Please transcribe exactly the lines from the line holding "Banner with vector" through the end of the data below, and skip any pictures.

▼▼▼

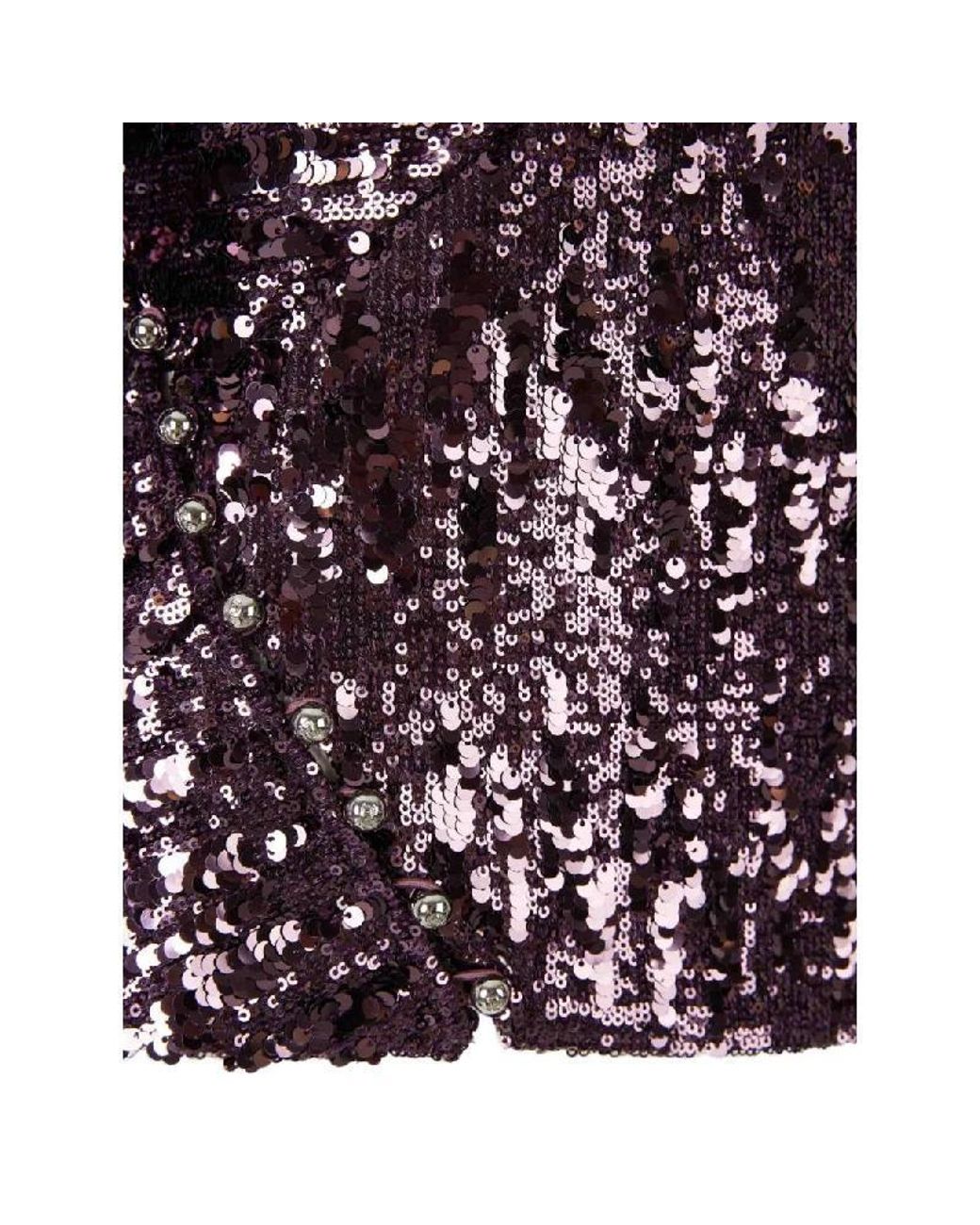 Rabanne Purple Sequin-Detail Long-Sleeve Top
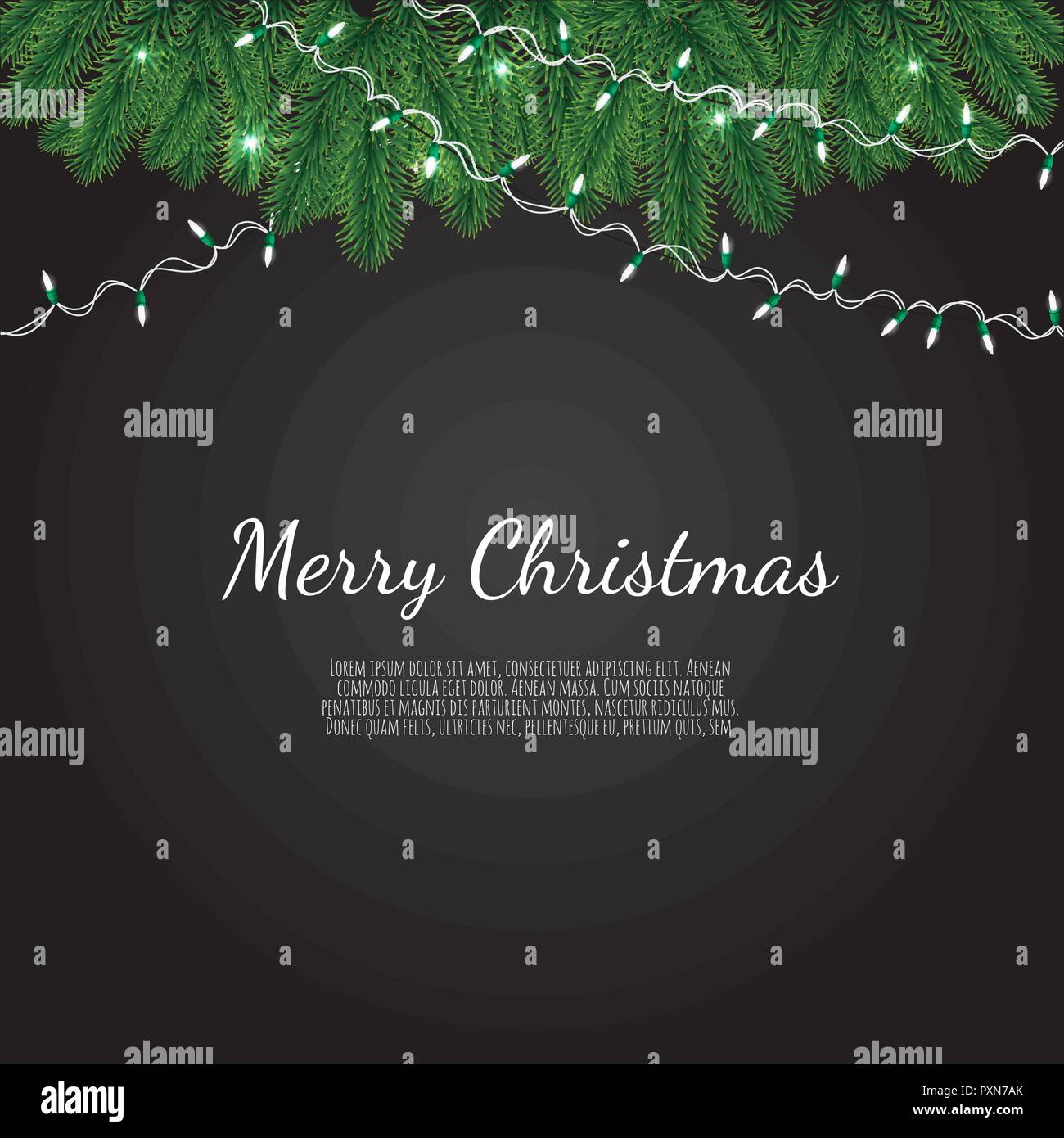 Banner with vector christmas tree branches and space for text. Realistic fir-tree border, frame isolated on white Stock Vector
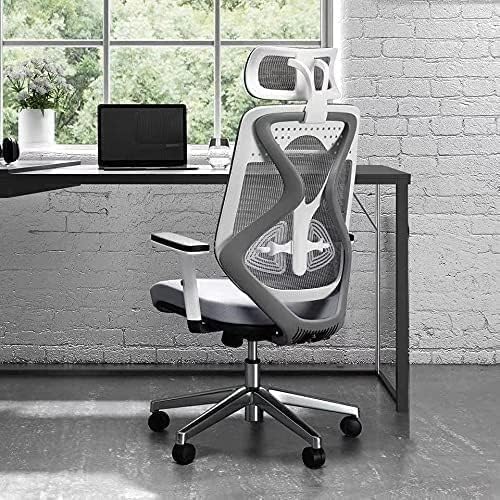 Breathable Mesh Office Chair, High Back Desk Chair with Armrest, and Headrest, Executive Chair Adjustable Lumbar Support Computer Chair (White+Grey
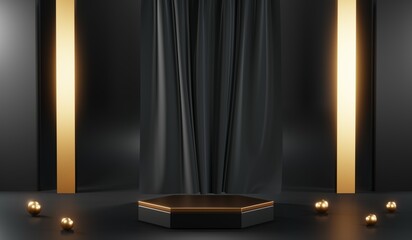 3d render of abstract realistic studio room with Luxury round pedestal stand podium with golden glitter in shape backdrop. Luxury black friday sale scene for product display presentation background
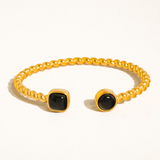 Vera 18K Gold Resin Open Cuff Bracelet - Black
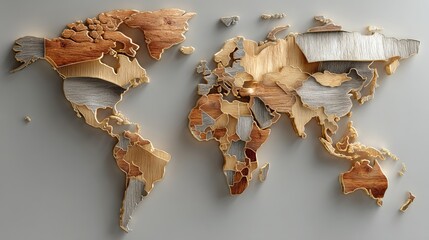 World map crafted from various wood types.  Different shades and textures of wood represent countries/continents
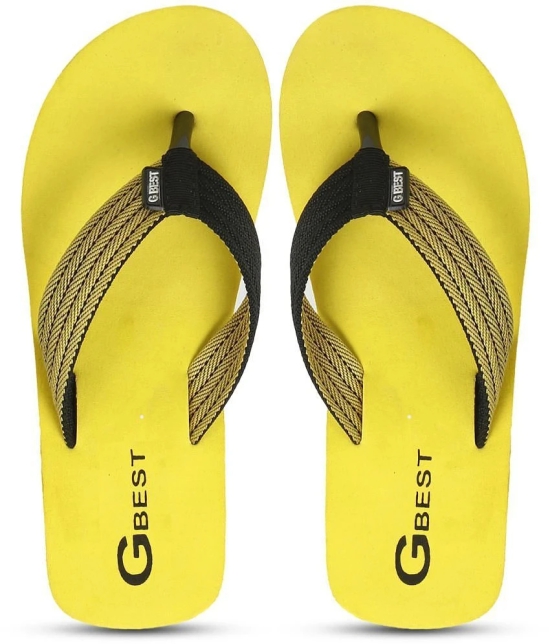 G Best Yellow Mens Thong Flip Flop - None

▲▲▲

* Result for this exercise:
 Banner with vector christmas tree branches and space for text. Realistic fir-tree border, frame isolated on white Stock Vector
 Breathable Mesh Office Chair, High Back Desk Chair with Armrest, and Headrest, Executive Chair Adjustable Lumbar Support Computer Chair (White+Grey
 3d render of abstract realistic studio room with Luxury round pedestal stand podium with golden glitter in shape backdrop. Luxury black friday sale scene for product display presentation background
 Vera 18K Gold Resin Open Cuff Bracelet - Black
 World map crafted from various wood types.  Different shades and textures of wood represent countries/continents
 G Best Yellow Mens Thong Flip Flop - None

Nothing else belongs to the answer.